» Required work: Each line below must be reproduced exactly as it stands. Pictures stay out of the copy.

» Given data:
╭──

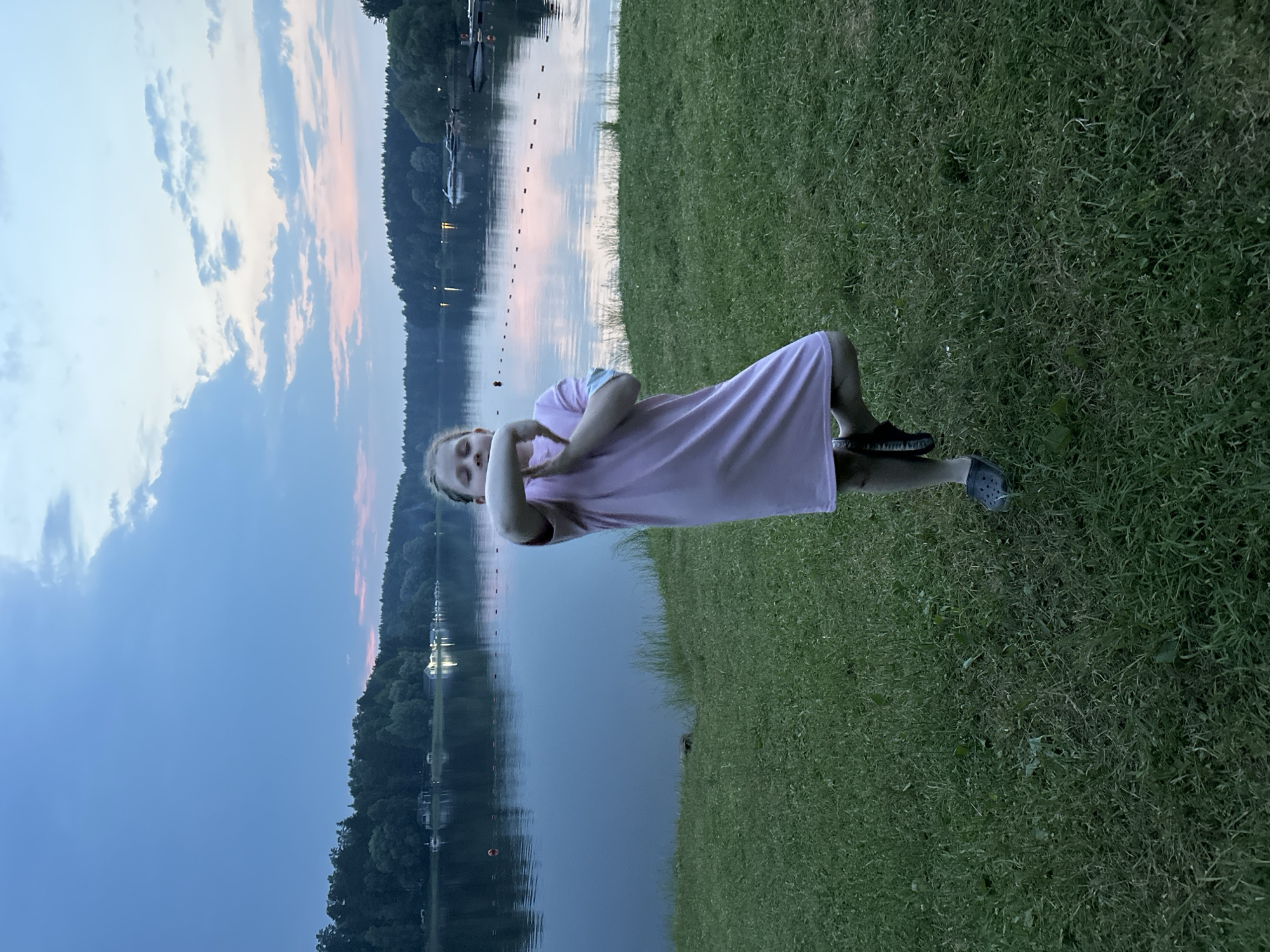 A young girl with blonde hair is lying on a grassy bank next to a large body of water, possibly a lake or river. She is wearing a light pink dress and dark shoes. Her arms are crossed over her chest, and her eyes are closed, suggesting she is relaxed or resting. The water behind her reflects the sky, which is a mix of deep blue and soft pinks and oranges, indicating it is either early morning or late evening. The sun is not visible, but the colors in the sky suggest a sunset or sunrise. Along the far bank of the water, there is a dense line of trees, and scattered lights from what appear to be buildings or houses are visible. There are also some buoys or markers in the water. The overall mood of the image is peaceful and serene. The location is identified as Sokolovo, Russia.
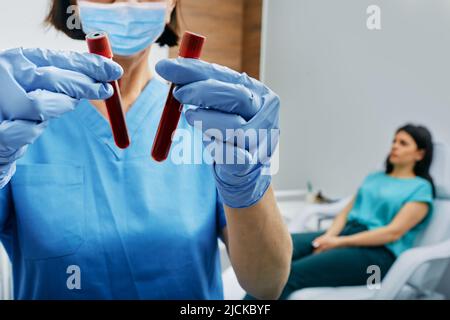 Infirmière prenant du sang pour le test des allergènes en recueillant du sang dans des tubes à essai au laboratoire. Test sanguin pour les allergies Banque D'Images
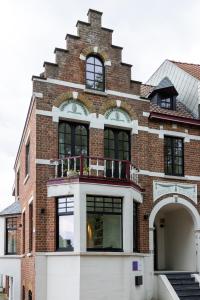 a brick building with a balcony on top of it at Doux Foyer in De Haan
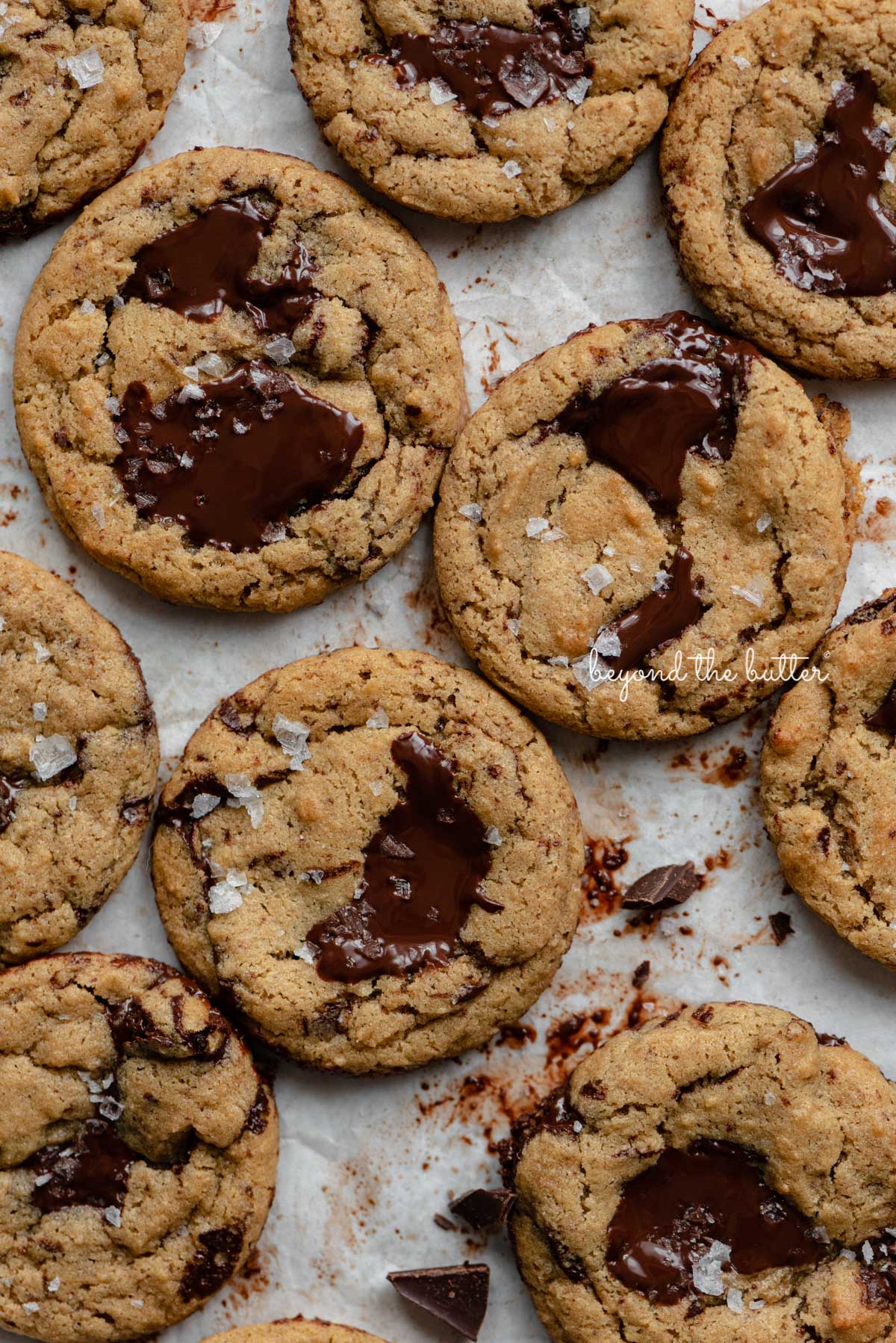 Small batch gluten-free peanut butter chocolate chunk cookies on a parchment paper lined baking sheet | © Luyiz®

╰──

» Answer section:
 A young girl with blonde hair is lying on a grassy bank next to a large body of water, possibly a lake or river. She is wearing a light pink dress and dark shoes. Her arms are crossed over her chest, and her eyes are closed, suggesting she is relaxed or resting. The water behind her reflects the sky, which is a mix of deep blue and soft pinks and oranges, indicating it is either early morning or late evening. The sun is not visible, but the colors in the sky suggest a sunset or sunrise. Along the far bank of the water, there is a dense line of trees, and scattered lights from what appear to be buildings or houses are visible. There are also some buoys or markers in the water. The overall mood of the image is peaceful and serene. The location is identified as Sokolovo, Russia.
 Infirmière prenant du sang pour le test des allergènes en recueillant du sang dans des tubes à essai au laboratoire. Test sanguin pour les allergies Banque D'Images
 a brick building with a balcony on top of it at Doux Foyer in De Haan
 Small batch gluten-free peanut butter chocolate chunk cookies on a parchment paper lined baking sheet | © Luyiz®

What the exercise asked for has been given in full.